Java – A czemu nie …

Przyśpieszam z publikacją wpisów. Ha. To w ogóle jest ciekawe, zainstalowałem jakieś szaleństwo podpięte pod Google Analytics. Wiem kto mnie odwiedza, ile dziennie osób i w ogóle wszystko… I jak na razie wszystkie odwiedziny są z mojego IP i jedno z USA … 😀 😀 😀 Ale taka była idea, strona jest dla mnie, nie dla innych :> :>

W tytule i tagach mam java. Czemu ? Bo tak. Pisałem, że nie będę pisał o nudnych nowoczesnych, mainstreamowych językach. No ale pewne sytuacje zmusiły mnie do sformalizowania niektórych kwestii w postaci takiej sobie aplikacji.
W związku z czym najbliższym czasie pozwolę sobie opisać krok po kroku jak zrobić taką aplikację (chociaż inną niż tą którą robię, bo ta którą robię jest mało uniwersalna i mało przydatna dla ludzi którzy na IBM System Z9 mówią serwer)…

W najbliższym czasie, czyli nie dzisiaj. Dzisiaj to planuję iść spać.

A następny post, a nawet seria postów, albo i nie – będzie o javie w ujęciu Eclipse RCP … Co to jest Eclipse RCP ? A no wujek google podpowie. Ale ogólnie sposób na zbudowanie w oparciu o Eclipse własnej aplikacji która może mieć dowolną formę, od notatnika znanego z windowsa, po IDE do własnego języka (to też będzie. Kiedyś. Bardzo kiedyś.).
Wstępnie w ramach takiego wstępu do wstępu do RCP zaplanowałem prostego managera plików w stylu WinSCP, Total Commandera, czy innej Filezilli …

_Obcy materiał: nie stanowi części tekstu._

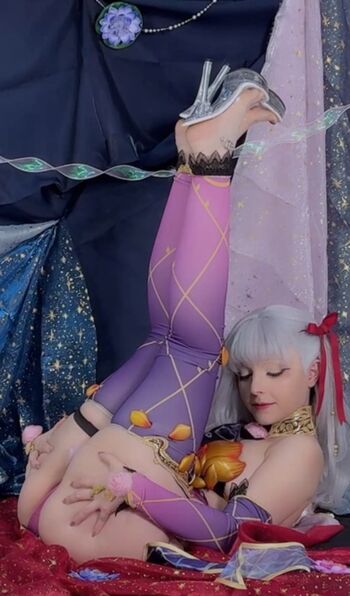 Full leaked Fushigi  page private onlyfans photo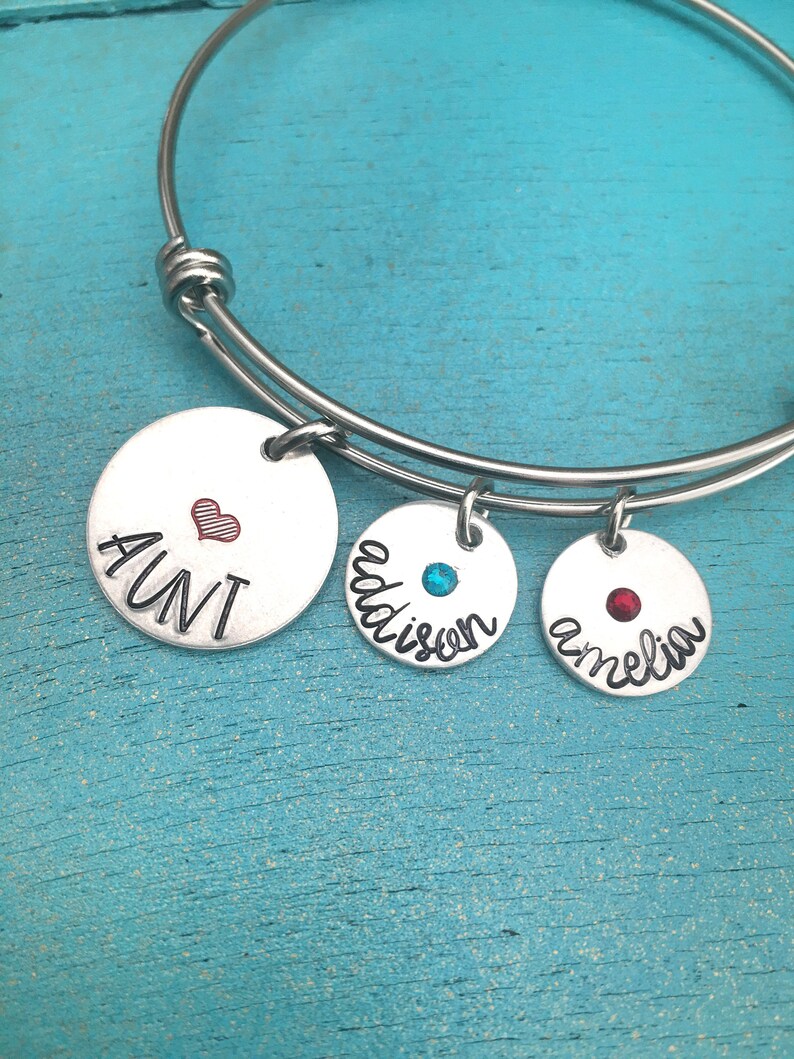 Aunt Bangle Bracelet, Personalized Christmas Gift For Aunt, Hand Stamped Aunt Bracelet, Birthday Gift For Aunt, Aunt Charm Bracelet immagine 1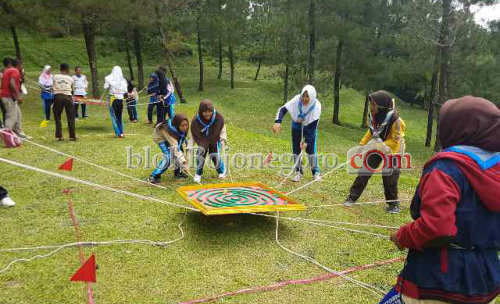 MAN 2 Bojonegoro Gelar Outbond Family Gathering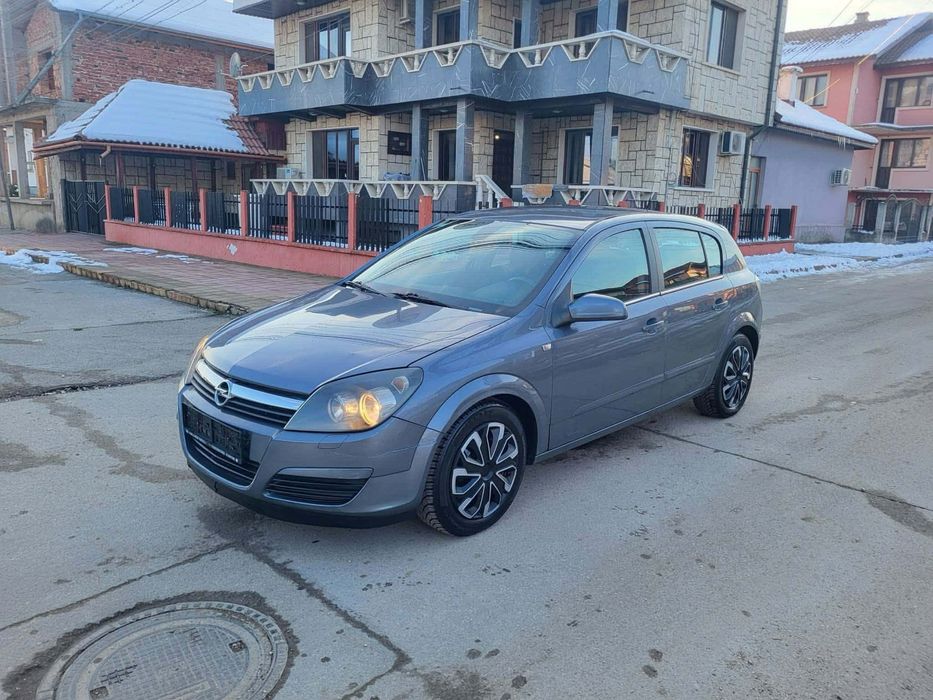Opel astra.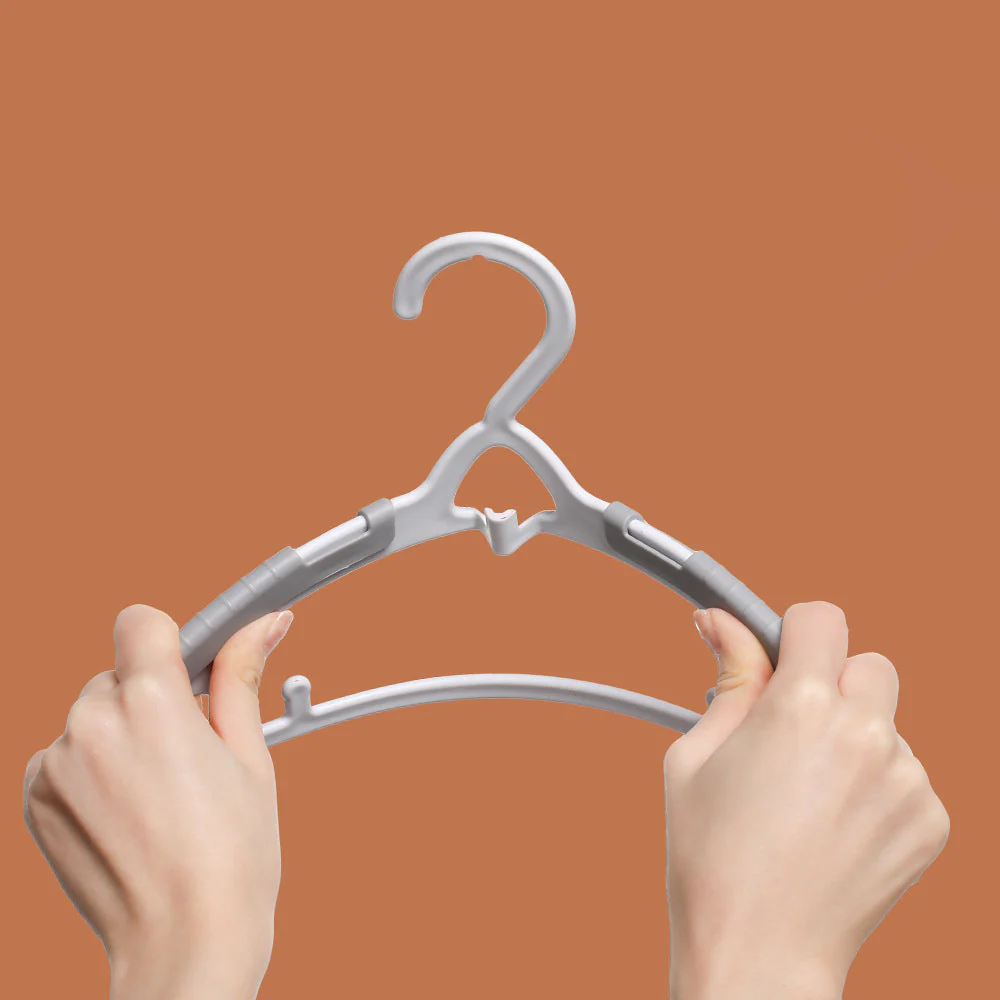 FaSoLa Children's Adjustable Hangers - 5 Pieces, White - Image 2
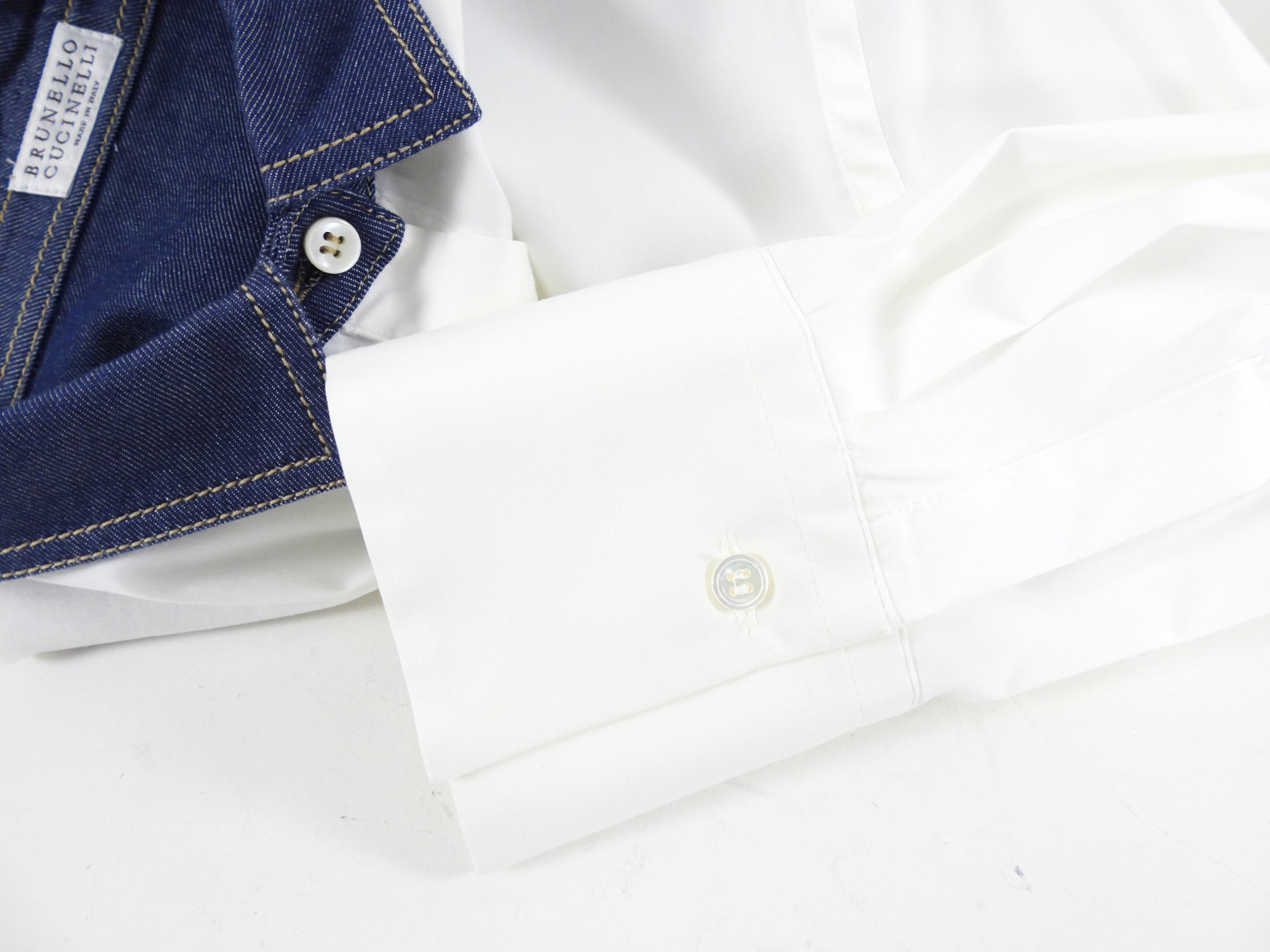 Brunello Cucinelli White Cotton Shirt with Denim Collar - M / 6 / 8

Trochę menu, jakieś preferencje połączeń ftp, jakieś 2 drzewka ze strukturą katalogów/plików. No taki Norton Commander oparty o Eclipse z kilkoma bajerami i bez kilku innych bajerów. Bez szału. Ale za to z kwestiami które mi nie dawały spokoju od dawien dawna :

  • Stworzenie pustego okna bez żadnych pierdół Eclipsowych
  • Dodanie do aplikacji możliwości automatycznej aktualizacji i instalacji pluginów z własnego repozytorium kodu
  • Dodawanie własnych widoków i perspektyw
  • Ukrywanie przeklętych widoków i perspektyw wbudowanych w eclipse (po co mi widoki debugowania jak piszę edytor tekstu ? ? ? )
  • Tworzenie toolbarów własnych widoków
  • Tworzenie własnych handlerów, actionów i innych dupereli
  • I wiele wiele więcej. Albo nie.

Ogólny plan jest taki. Żeby zacząć od najprostszego okna i zakończyć na w pełni funkcjonalnej aplikacji. Jak wyjdzie ? Pewnie do dupy …

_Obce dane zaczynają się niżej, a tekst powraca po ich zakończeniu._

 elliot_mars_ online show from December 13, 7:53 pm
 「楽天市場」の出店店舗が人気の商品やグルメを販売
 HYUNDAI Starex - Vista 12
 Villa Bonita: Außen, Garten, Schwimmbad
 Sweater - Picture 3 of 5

Powtarzając się. Planuję to zrobić dla siebie. Żeby nie zapomnieć. Żeby mieć jakieś repozytorium wiedzy. Wiedza na temat Eclipse RCP w języku polskim, wraz z przykładami jest na dobrą sprawę wybitnie nikła … Nawet w języku angielskim znalezienie informacji jak wyłączyć możliwość włączenia poszczególnych wbudowanych widoków Eclipse’a trudno jest znaleźć. Trafiałem nawet na opinie, że się nie da. Ta. Nie da się. Wszystko się da. Hełmu na lewą stronę się nie da wywrócić.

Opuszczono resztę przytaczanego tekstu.